Interest rates are not the only mechanism used to price risk. Actual trades occurring in real-time on U.S. stock exchanges are used to price risk. Currently, a significant part of that trading is done in dark pools run by the mega banks rather than on exchanges, leaving the public in the dark about just how those trades are marked.
Then there are the Exchange Traded Funds (ETFs) which are also tethered to the biggest banks on Wall Street.
If we took the above text from the Michael Lewis book about what was happening in 2007 and updated it to the facts on the ground today, it would read like this:
The second half of 2015 was a very strange period in financial history. The facts on the ground in the junk bond market, which had ballooned to over $1.8 trillion from about half that amount in 2008, diverged further and further from the prices of the junk bond ETFs. Faced with unpleasant facts, the big Wall Street firms appeared to be choosing simply to ignore them.
Then something remarkable happened. On December 10, 2015, Third Avenue Management announced it was blocking investors from withdrawing their money from its $788 million junk bond mutual fund which it planned to liquidate. The news was reported at 12:47 p.m. on December 10 by Bloomberg News and updated again at 3:06 p.m. In a market pricing junk bonds in real time, this news should have set off a major decline in junk bond ETFs. But it didn’t. For example, the Barclays High Yield Bond ETF (stock symbol JNK) closed down just 0.4 percent from its close the prior day.
There was more havoc in the junk bond market in December 2015 and continued calm pricing in junk bond ETFs. Last week, things got totally bizarre. The U.S. stock market, as measured by the Standard and Poor’s 500 Index and Dow Jones Industrial Index had its worst weekly start to the year in history. (Keep in mind that would include the Great Depression.) Big Wall Street banks did especially poorly with Citigroup off by 9.10 percent from its open on January 4 to its close on January 8 and JPMorgan Chase off by 7.87 percent over the same period.

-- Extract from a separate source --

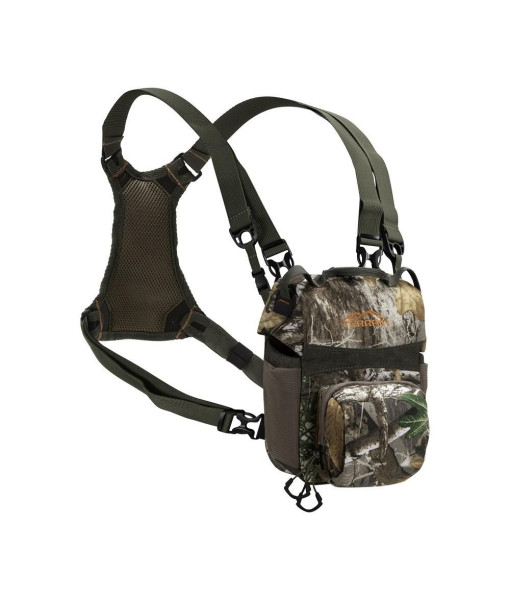 ALLEN MESA DELUXE TERRAIN BINO PACK REALTREE EDGE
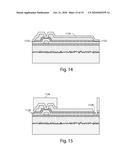 PROCESSES FOR FORMING BACKPLANES FOR ELECTRO-OPTIC DISPLAYS diagram and image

But, amazingly, the Barclays High Yield Bond Fund (JNK) was down by a negligible 0.65 percent from its open on January 4 to its close on January 8. (See charts below.) Are we really to believe that two of the largest Wall Street banks holding a big chunk of Americans’ insured deposits are riskier than junk bonds?
As Morningstar correctly notes, “Junk bonds tend to act more like stocks in their market behavior than other bonds. This is because the strength of junk bonds is connected to the strength of the company that issues them.”
So, in a week of a global stock market rout and economic tremors, we are asked to believe that a junk bond ETF sold off by a mere 0.65 percent.
It would seem that we are back to the mispricing era that exacerbated and deepened the last crash. Raise your hand high in the air and form a zero like Steve Carell in The Big Short movie. That zero represents the statistical probability that we are going to get out of this Frankenbank era without a major market breakdown.